平野氏は、以下のように「関わりのレベルを分類」しています。
A群:情報提供主体のもの(面接室主体)
B群:支持的カウンセリング:本人をしっかりサポートしていく(面接室主体)
C群:家族への面接の工夫
D群:外部にリファーしつつ、フォロー
E群:うまくいかずに中断した

 

彼はここで改めて、「一連のケースを踏まえて思うことですが、やはり統一協会が圧倒的に多かったです。・・・かなり入り込んでいるものになると親の会や宗教者を紹介して連携する必要があります。」(p.195)と述べています。

 

繰り返しになりますが、これが国立大学なら「宗教者の紹介」をした時点で政教分離の原則に抵触するので即アウトです。たとえ私立大学といえども、信仰という極めて個人的な事柄に関して、本人の意思を確認したり了承を取ったりすることなしに、初めから脱会を目標に関わり、家族に学外の専門家を紹介したりして介入するのは、信教の自由の侵害に当たることは明白です。こうした「魔女狩り」的な学生相談のあり方は、大学による人権侵害の事例として広く社会に訴えていく必要があるでしょう。

 

魔女狩りの発想は、「魔女に取り憑かれた人は、自分ではそれを自覚できないし、自分の力では魔女を追い出せない。だから本人の意思に反して隔離したり、悪魔祓いをしたり、必要ならば処刑もしなければならない」というものです。こうした発想が多くの悲劇を起こしました。これが精神医学に置き換えられると、「精神病の患者は、自分ではそれを自覚できないし、自分では病気を治せない。だから本人の意思に反して入院させたり、薬物治療を行ったり、必要ならば社会から隔離しなければならない」となります。これも一歩間違えば重大な人権侵害を引き起こします。

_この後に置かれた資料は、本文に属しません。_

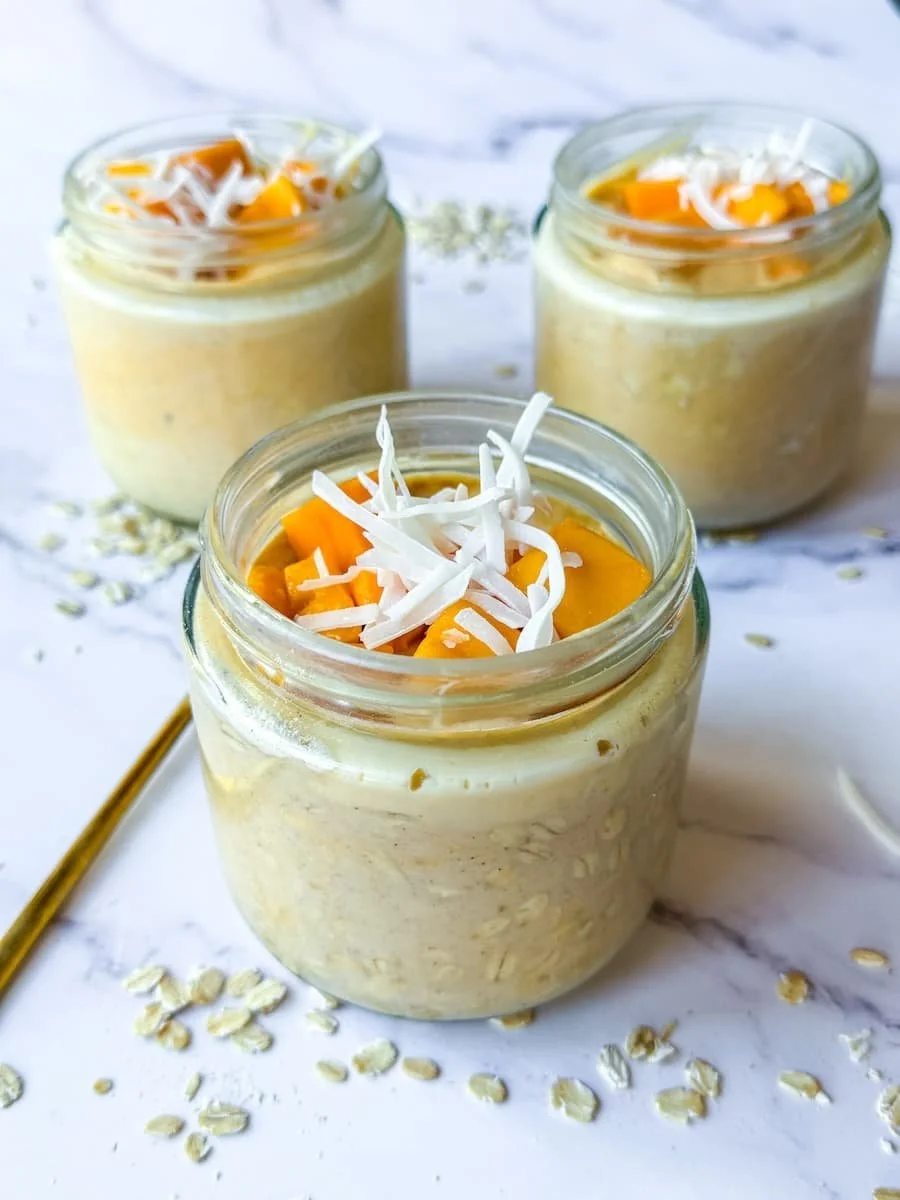 close-up photo of protein overnight oats garnished with mango and coocnut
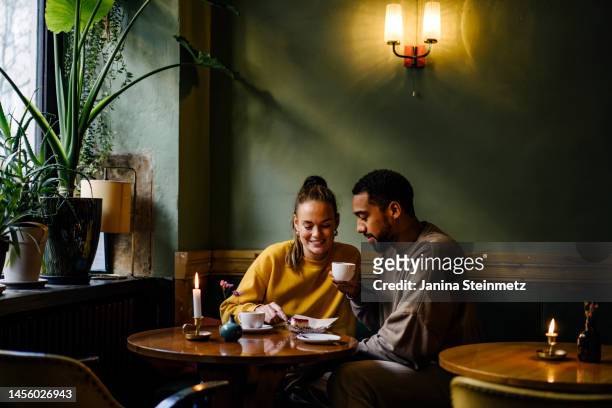 wide shot with copy space of couple sharing a dessert in cafe - multiracial couple fotografías e imágenes de stock
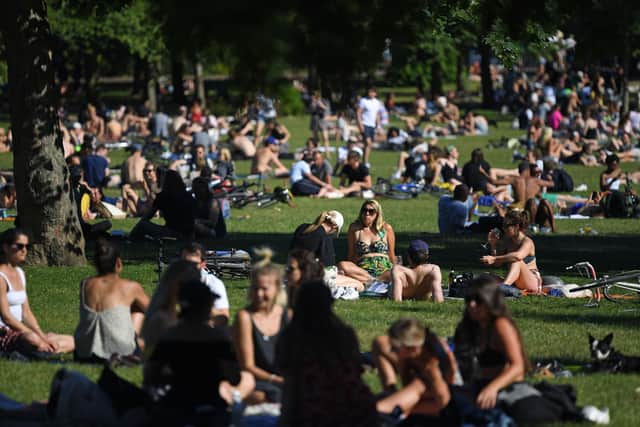 People enjoy the sunshine in London on Saturday May 30 ahead of the coming into force of the first significant easing of Britain's lockdown measures during the coronavirus pandemic. Picture: AFP via Getty Images.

これがカルトに置き換えられると、「カルトの信者はマインド・コントロールされている自覚がないし、自分では脱会できない。だから本人の意思に反して保護したり、脱会説得を行ったなり、必要ならば物理的に隔離しなければならない」となります。これも同じ仕組みで人権侵害を引き起こします。

 

大学のしていることは、まさに現代の魔女狩りにほかなりません。